28 febbraio 2011

Schede di Memoria: 10 Consigli per Evitare Problemi


Piccole, piccolissime, eppure capaci di archiviare un numero enorme di foto. 
Sono le schede di memoria flash che oggi utilizziamo nelle nostre fotocamere digitali 
(ma anche nelle videocamere e negli smartphone) al posto del rullino. 
Per sfruttarle al meglio ed evitare sorprese (perdere centinaia di foto non fa piacere a nessuno e anche una sola può essere troppo) ecco una serie di consigli dettati dall'esperienza (anche quelle negative):

1 - Non puntare al massimo risparmio
Non siamo di certo tra quelli che consigliano anche al principiante di svenarsi con l'acquisto dell'ultimo modello di memoria, la più capiente, la più veloce (solo chi ha realmente bisogno di tanta velocità e di tanti GB può farlo), ma è meglio non puntare al massimo risparmio. Una scheda difettosa può capitare anche scegliendo un marchio conosciuto, ma è una eventualità meno frequente. Oggi si trovano in commercio schede di produttori mai sentiti prima che possono riservare sorprese (ci sono anche i falsi d'autore, perciò occhi aperti e acquisti solo presso i rivenditori di fiducia).

2 - Testare la memoria prima di foto importanti
Stiamo per partire per un viaggio, oppure abbiamo in programma una giornata di scatti fotografici che ci stanno particolarmente a cuore: la cosa peggiore che possiamo fare è acquistare una scheda di memoria all'ultimo momento, metterla in borsa e provarla per la prima volta... sul campo.
Le memorie flash vengono naturalmente testate in fase di produzione, quindi in genere funzionano per bene, ma qualcosa può andare storto anche dopo il confezionamento: un granello di polvere che ha rovinato un chip (la struttura delle memorie è molto complessa), carica elettrostatica, danneggiamenti meccanici e quant'altro.
Ritrovarsi tra le mani una memoria danneggiata è davvero una brutta sorpresa, specie se abbiamo portato con noi soltanto quella.
Così, per evitare noie, conviene acquistare la scheda con un po' di anticipo e provarla prima del viaggio, o della giornata di shooting.

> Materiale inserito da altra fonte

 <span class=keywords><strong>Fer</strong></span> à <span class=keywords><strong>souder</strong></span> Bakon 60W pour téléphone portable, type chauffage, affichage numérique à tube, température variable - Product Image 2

Anche una scheda "collaudata" può, in seguito, rovinarsi, ma è più difficile. Generalmente se c'è un problema, questo si manifesta fin da subito.

3 - Mettere in borsa più di una memoria
Una sola memoria, di grossa capacità, può sembrare la soluzione più comoda (la scheda sta nella macchina; non dobbiamo preoccuparci di tutte quelle piccole memorie che possiamo facilmente perdersi nel fondo della borsa). Ma proprio per il discorso fatto sopra (difetti congeniti, oppure acquisiti) può rilevarsi una scelta sbagliata. Meglio disporre di due o più schede di memoria: così si riducono al minimo i rischi. Se una memoria mostra segni di malfunzionamento, possiamo contare su quella/e di riserva.
Oltretutto acquistando più schede con capacità inferiore risparmiamo, perché i modelli appena lanciati hanno sempre prezzi proibitivi.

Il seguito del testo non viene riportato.